## STORED DATA

===

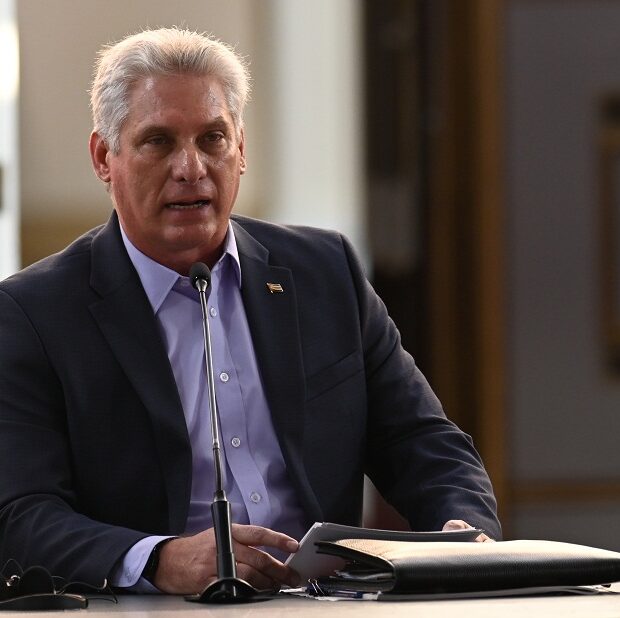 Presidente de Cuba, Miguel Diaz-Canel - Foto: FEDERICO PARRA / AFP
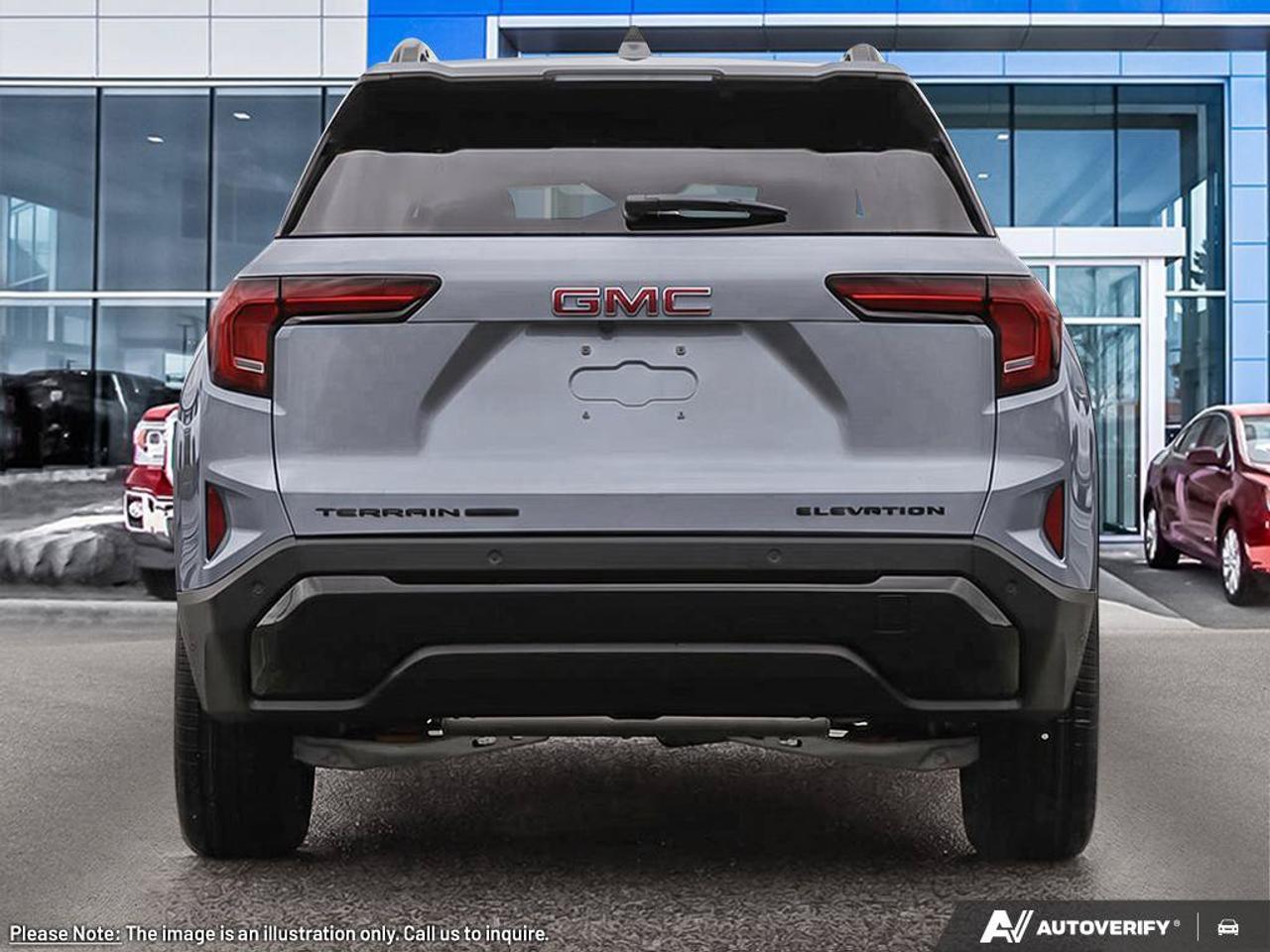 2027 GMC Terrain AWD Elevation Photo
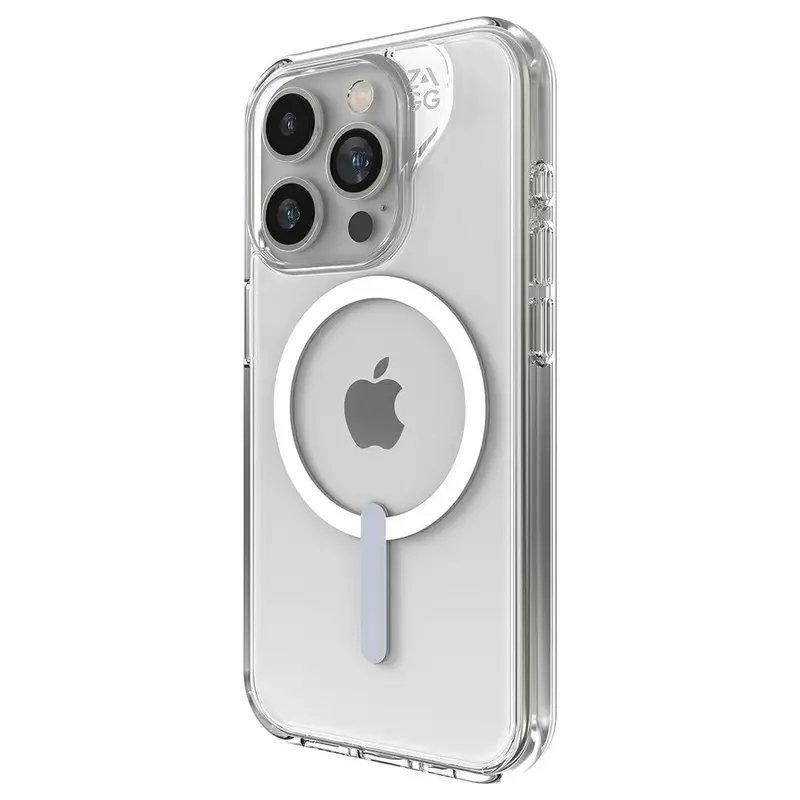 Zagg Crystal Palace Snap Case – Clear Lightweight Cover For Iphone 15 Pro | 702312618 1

===

## WHAT YOU ARE ASKED TO DO
Repeat the data above exactly, but not the pictures.

## RESULT OF THE TASK
 Presidente de Cuba, Miguel Diaz-Canel - Foto: FEDERICO PARRA / AFP
 2027 GMC Terrain AWD Elevation Photo
 Zagg Crystal Palace Snap Case – Clear Lightweight Cover For Iphone 15 Pro | 702312618 1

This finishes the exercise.